EXERCISE DATA =>
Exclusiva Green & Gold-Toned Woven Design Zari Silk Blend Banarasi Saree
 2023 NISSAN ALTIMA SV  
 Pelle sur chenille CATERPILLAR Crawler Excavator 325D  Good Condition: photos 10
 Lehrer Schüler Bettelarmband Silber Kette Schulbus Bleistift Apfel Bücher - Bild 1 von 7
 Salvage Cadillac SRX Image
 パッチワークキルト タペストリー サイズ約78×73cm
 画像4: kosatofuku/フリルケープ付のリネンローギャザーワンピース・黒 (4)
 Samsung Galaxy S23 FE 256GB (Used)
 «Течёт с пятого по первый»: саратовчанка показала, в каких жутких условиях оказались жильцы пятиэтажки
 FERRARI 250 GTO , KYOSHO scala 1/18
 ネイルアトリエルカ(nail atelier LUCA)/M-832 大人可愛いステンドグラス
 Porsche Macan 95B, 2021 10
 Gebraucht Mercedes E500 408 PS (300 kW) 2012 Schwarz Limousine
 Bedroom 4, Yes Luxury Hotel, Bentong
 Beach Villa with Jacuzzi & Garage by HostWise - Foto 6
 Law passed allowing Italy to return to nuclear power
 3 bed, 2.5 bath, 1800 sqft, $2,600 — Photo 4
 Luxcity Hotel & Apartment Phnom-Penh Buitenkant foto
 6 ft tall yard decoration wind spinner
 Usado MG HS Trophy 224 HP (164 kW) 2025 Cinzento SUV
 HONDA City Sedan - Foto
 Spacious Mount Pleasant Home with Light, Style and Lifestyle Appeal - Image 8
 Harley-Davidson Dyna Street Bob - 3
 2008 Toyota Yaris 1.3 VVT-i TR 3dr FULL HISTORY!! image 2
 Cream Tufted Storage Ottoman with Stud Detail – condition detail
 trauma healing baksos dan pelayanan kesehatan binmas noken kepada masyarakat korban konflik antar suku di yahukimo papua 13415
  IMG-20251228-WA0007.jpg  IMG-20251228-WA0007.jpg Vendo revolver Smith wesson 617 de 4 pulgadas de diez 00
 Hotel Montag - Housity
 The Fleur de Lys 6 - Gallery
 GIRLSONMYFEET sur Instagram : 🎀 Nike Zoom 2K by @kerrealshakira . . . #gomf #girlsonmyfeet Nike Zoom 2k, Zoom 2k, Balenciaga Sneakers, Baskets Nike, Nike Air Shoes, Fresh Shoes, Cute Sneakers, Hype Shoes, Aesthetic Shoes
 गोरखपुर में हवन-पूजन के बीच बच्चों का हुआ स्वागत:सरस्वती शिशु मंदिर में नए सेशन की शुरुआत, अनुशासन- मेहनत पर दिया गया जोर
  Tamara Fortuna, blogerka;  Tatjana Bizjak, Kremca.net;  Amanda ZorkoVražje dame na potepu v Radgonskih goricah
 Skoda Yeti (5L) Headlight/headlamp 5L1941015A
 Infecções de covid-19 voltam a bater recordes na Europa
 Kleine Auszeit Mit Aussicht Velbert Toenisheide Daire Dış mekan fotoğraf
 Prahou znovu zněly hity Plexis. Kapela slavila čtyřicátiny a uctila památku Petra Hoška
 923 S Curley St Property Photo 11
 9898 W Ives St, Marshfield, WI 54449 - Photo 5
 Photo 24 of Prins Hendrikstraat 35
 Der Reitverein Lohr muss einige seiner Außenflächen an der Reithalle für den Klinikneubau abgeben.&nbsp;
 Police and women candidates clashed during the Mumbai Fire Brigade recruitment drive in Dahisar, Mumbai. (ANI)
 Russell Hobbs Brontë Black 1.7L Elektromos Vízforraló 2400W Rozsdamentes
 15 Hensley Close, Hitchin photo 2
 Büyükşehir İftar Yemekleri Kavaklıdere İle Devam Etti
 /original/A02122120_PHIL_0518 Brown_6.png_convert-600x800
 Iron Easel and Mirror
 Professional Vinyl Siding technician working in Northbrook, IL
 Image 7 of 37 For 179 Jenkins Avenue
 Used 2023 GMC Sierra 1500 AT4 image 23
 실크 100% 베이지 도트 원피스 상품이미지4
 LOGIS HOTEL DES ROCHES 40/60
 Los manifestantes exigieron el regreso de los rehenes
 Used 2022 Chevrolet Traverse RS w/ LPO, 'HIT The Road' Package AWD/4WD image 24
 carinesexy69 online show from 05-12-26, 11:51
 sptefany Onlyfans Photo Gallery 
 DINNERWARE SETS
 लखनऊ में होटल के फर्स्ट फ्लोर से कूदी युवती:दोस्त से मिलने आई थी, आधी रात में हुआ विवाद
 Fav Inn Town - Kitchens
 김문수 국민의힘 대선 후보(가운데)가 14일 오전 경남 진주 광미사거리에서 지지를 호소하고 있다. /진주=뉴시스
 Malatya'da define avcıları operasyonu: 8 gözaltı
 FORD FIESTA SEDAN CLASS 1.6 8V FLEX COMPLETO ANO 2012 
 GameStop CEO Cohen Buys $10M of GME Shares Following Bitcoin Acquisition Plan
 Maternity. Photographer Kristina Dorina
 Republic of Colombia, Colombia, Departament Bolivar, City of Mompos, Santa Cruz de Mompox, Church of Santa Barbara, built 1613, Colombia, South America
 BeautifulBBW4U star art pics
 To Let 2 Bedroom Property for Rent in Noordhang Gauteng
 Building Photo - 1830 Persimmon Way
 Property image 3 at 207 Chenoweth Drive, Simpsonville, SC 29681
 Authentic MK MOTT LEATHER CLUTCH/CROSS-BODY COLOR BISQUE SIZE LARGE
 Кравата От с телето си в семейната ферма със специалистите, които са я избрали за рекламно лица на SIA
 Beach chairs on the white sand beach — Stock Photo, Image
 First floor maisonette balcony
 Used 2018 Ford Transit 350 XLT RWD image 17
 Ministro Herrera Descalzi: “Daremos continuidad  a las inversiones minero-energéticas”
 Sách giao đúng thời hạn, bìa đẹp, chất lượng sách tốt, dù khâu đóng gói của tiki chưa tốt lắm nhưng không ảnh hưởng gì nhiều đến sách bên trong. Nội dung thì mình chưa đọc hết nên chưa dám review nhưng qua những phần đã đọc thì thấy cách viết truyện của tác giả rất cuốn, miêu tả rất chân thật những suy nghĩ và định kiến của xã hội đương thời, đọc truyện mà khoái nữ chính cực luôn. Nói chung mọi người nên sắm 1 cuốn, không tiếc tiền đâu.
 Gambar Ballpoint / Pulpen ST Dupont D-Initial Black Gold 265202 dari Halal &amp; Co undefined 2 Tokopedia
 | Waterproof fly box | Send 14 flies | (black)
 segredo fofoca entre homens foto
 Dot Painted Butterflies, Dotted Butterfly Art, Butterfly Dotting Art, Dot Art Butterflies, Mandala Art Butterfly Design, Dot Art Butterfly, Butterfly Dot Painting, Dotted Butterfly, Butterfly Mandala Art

ASSIGNMENT => Nothing but the lines from the one with "Used 2018 Ford Transit 350 XLT RWD image 17" through the last line of the data should appear; print them exactly.

ANSWER =>
 Used 2018 Ford Transit 350 XLT RWD image 17
 Ministro Herrera Descalzi: “Daremos continuidad  a las inversiones minero-energéticas”
 Sách giao đúng thời hạn, bìa đẹp, chất lượng sách tốt, dù khâu đóng gói của tiki chưa tốt lắm nhưng không ảnh hưởng gì nhiều đến sách bên trong. Nội dung thì mình chưa đọc hết nên chưa dám review nhưng qua những phần đã đọc thì thấy cách viết truyện của tác giả rất cuốn, miêu tả rất chân thật những suy nghĩ và định kiến của xã hội đương thời, đọc truyện mà khoái nữ chính cực luôn. Nói chung mọi người nên sắm 1 cuốn, không tiếc tiền đâu.
 Gambar Ballpoint / Pulpen ST Dupont D-Initial Black Gold 265202 dari Halal &amp; Co undefined 2 Tokopedia
 | Waterproof fly box | Send 14 flies | (black)
 segredo fofoca entre homens foto
 Dot Painted Butterflies, Dotted Butterfly Art, Butterfly Dotting Art, Dot Art Butterflies, Mandala Art Butterfly Design, Dot Art Butterfly, Butterfly Dot Painting, Dotted Butterfly, Butterfly Mandala Art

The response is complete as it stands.